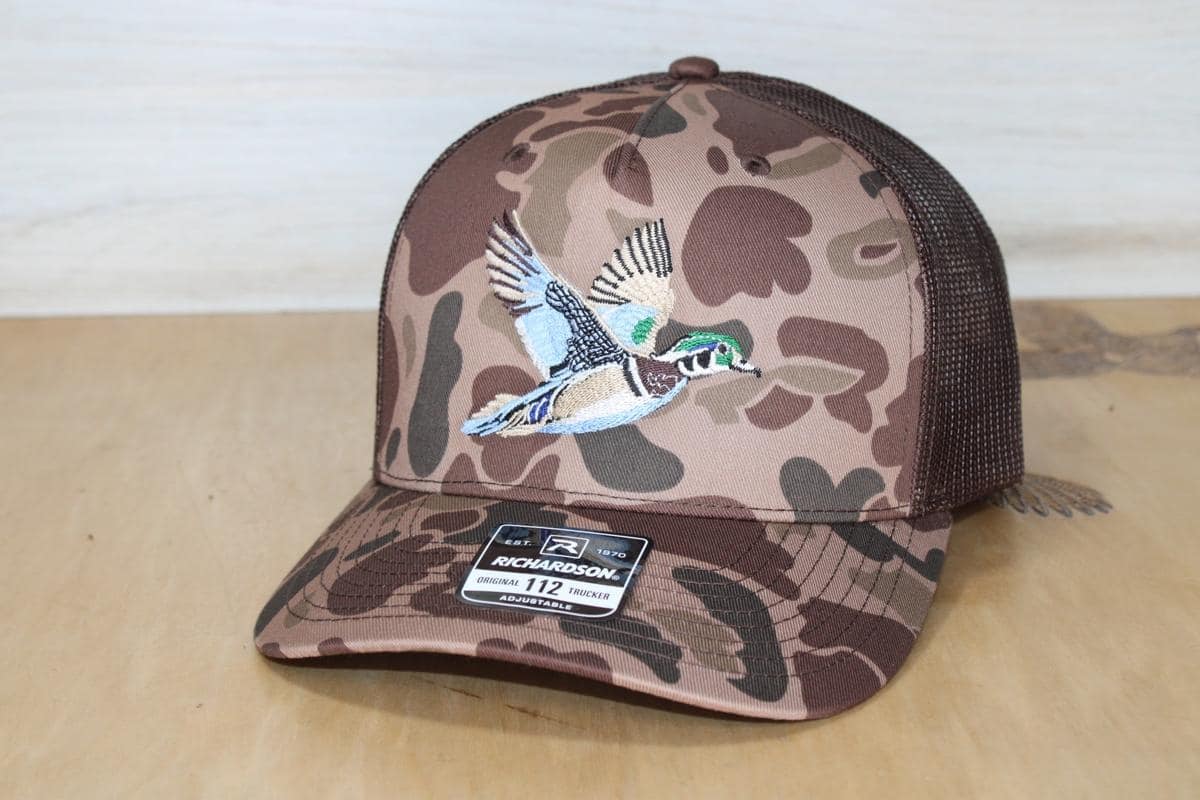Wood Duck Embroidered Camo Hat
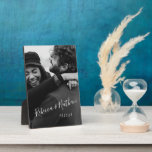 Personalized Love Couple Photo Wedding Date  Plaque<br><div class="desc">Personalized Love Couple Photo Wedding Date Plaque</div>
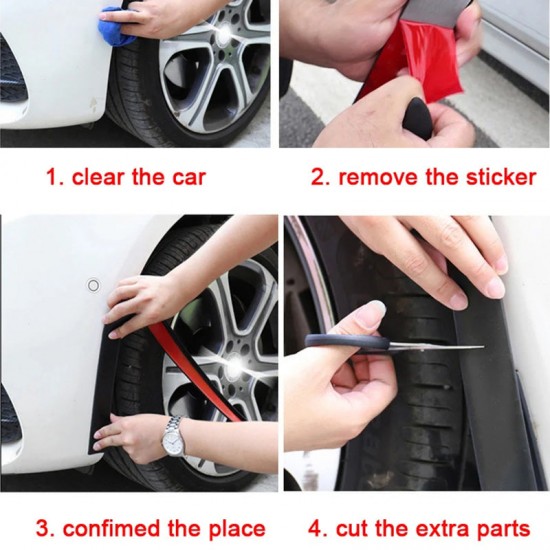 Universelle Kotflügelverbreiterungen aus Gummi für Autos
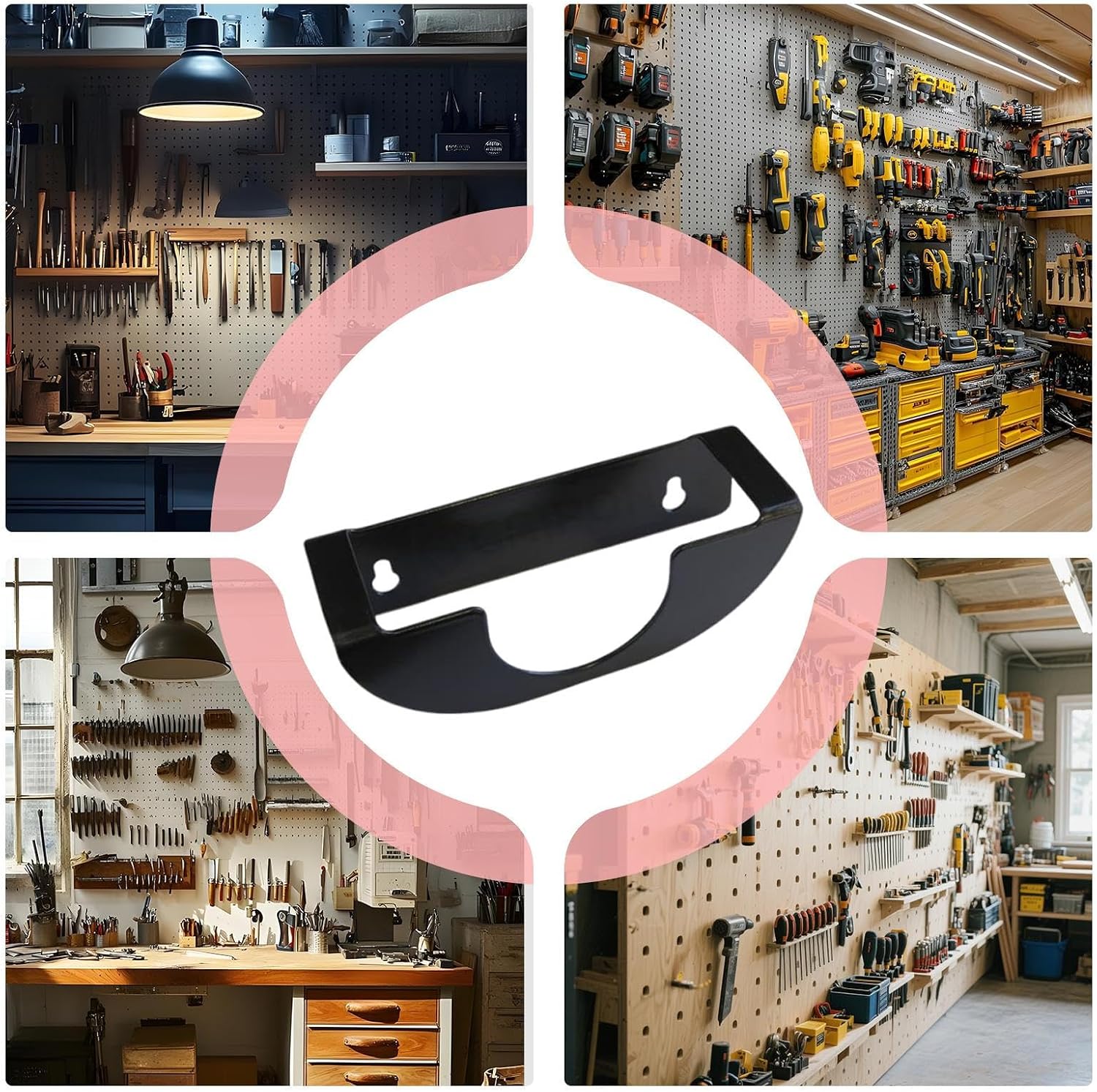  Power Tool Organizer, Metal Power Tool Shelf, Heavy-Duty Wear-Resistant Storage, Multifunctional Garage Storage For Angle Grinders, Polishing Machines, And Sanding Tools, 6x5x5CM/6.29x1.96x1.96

YOUR ASSIGNMENT
Return the material exactly as given above, picture-free.

WORKED SOLUTION
Wood Duck Embroidered Camo Hat
 Personalized Love Couple Photo Wedding Date  Plaque<br><div class="desc">Personalized Love Couple Photo Wedding Date Plaque</div>
 Universelle Kotflügelverbreiterungen aus Gummi für Autos
  Power Tool Organizer, Metal Power Tool Shelf, Heavy-Duty Wear-Resistant Storage, Multifunctional Garage Storage For Angle Grinders, Polishing Machines, And Sanding Tools, 6x5x5CM/6.29x1.96x1.96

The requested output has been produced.